**WHAT NEEDS TO BE DONE**
Copy exactly the lines of the records below, and only those lines, beginning with the line that contains "dividers tabs A5" and ending with the line that contains "MAUBOUSSIN Ruby Diamond".
***** DATA FOR THIS EXERCISE *****
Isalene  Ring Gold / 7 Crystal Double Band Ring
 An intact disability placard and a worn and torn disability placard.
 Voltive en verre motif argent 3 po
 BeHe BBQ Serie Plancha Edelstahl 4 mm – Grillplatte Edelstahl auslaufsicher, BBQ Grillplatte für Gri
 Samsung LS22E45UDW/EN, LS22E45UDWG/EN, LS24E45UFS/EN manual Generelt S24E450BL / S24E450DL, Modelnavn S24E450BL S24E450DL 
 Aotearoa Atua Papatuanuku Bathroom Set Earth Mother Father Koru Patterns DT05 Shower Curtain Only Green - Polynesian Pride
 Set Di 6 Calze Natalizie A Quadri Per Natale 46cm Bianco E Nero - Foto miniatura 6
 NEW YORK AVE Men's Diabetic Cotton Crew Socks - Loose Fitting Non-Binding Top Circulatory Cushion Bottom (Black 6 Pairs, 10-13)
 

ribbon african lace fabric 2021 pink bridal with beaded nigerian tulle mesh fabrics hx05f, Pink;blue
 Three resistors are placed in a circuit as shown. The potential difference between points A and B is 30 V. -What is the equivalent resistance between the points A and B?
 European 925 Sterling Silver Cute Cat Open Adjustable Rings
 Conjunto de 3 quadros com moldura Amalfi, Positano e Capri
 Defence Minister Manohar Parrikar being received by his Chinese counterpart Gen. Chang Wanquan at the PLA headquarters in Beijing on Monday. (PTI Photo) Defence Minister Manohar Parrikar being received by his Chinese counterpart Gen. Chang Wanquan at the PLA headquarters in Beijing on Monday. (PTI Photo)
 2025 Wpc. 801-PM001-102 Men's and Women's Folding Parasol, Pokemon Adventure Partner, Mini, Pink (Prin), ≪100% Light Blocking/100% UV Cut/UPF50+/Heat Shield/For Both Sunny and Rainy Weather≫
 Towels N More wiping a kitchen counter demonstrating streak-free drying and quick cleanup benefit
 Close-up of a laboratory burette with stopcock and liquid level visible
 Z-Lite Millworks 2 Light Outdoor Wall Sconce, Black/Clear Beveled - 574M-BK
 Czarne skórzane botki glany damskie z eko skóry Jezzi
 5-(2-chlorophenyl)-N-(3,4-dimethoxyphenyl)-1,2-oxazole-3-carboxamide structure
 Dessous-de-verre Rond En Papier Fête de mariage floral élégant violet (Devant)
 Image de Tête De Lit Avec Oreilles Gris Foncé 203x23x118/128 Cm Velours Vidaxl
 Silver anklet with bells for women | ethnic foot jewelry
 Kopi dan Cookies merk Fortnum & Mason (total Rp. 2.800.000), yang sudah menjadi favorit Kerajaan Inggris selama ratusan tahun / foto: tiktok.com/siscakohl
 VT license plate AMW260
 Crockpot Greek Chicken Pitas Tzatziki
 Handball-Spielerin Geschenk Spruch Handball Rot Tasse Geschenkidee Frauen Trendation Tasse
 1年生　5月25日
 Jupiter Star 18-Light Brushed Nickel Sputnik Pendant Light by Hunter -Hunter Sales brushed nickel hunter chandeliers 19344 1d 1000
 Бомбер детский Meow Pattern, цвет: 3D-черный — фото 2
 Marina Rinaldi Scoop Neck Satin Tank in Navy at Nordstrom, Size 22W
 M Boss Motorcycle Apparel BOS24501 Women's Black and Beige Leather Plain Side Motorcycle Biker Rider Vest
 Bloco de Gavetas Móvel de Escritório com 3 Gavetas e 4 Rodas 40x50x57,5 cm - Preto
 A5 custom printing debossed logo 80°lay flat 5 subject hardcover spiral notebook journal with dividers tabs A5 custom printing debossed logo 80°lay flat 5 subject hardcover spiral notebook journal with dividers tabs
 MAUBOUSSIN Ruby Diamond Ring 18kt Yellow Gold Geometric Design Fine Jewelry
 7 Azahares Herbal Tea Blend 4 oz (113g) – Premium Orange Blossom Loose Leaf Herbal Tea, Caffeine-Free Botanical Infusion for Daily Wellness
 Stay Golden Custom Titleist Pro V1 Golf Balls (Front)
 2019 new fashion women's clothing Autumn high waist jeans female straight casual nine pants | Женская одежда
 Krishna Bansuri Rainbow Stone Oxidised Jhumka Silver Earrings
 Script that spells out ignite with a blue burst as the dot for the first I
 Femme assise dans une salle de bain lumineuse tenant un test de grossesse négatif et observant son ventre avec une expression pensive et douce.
*****
**ANSWER TO THIS PROBLEM**
 A5 custom printing debossed logo 80°lay flat 5 subject hardcover spiral notebook journal with dividers tabs A5 custom printing debossed logo 80°lay flat 5 subject hardcover spiral notebook journal with dividers tabs
 MAUBOUSSIN Ruby Diamond Ring 18kt Yellow Gold Geometric Design Fine Jewelry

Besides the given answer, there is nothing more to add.